:: EXERCISE ::
Copy each line of the records that includes "Shoes".
===== RECORDED INFORMATION
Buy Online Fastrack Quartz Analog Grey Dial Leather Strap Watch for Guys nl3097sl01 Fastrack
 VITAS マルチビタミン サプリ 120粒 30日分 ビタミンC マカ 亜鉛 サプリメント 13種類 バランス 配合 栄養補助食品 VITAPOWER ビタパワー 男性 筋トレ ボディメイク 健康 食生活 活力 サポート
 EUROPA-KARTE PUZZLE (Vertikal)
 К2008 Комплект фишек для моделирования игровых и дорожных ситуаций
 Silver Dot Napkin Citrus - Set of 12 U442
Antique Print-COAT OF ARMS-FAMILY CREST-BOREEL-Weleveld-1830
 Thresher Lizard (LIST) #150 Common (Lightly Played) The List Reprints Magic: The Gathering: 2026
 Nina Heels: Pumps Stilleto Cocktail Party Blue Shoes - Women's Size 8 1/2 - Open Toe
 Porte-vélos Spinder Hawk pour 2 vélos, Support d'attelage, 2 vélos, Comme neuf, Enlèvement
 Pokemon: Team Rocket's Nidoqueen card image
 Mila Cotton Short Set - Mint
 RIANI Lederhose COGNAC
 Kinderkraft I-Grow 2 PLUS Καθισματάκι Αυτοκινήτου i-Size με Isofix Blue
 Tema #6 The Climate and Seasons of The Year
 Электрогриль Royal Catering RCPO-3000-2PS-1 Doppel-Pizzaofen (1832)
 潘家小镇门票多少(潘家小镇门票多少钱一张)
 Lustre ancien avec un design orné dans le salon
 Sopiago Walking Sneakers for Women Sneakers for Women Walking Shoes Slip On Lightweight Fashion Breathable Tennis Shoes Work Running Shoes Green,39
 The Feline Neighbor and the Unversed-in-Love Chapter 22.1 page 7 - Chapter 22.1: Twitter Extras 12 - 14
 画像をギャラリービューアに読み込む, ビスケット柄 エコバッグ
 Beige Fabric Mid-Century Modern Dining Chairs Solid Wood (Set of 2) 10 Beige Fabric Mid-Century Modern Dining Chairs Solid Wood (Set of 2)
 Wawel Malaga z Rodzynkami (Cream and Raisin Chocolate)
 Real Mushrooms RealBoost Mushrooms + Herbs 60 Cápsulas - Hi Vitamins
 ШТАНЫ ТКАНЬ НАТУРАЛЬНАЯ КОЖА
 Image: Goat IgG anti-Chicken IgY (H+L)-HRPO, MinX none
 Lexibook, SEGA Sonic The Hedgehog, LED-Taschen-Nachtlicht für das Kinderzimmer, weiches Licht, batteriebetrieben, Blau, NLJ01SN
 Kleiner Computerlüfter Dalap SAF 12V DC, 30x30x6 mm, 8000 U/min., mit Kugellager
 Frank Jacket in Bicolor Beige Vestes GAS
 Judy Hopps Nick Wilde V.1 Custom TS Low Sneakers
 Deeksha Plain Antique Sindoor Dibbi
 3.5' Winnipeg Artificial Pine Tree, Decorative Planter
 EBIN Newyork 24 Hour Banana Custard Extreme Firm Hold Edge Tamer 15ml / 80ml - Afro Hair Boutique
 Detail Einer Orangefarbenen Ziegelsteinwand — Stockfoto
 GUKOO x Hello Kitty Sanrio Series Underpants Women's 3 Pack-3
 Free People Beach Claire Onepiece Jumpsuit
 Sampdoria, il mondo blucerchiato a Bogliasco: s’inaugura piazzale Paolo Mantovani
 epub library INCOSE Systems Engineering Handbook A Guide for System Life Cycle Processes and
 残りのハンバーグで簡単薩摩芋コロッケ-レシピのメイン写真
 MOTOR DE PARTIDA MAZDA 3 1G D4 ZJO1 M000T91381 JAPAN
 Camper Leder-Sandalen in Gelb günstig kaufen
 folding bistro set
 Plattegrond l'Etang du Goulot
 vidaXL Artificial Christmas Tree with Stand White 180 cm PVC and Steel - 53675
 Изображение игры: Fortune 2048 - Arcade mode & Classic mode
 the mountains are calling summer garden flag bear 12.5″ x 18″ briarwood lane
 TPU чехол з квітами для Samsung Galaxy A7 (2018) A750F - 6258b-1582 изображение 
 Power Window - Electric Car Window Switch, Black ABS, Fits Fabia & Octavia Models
==========
:: EXERCISE RESPONSE ::
 Nina Heels: Pumps Stilleto Cocktail Party Blue Shoes - Women's Size 8 1/2 - Open Toe
 Sopiago Walking Sneakers for Women Sneakers for Women Walking Shoes Slip On Lightweight Fashion Breathable Tennis Shoes Work Running Shoes Green,39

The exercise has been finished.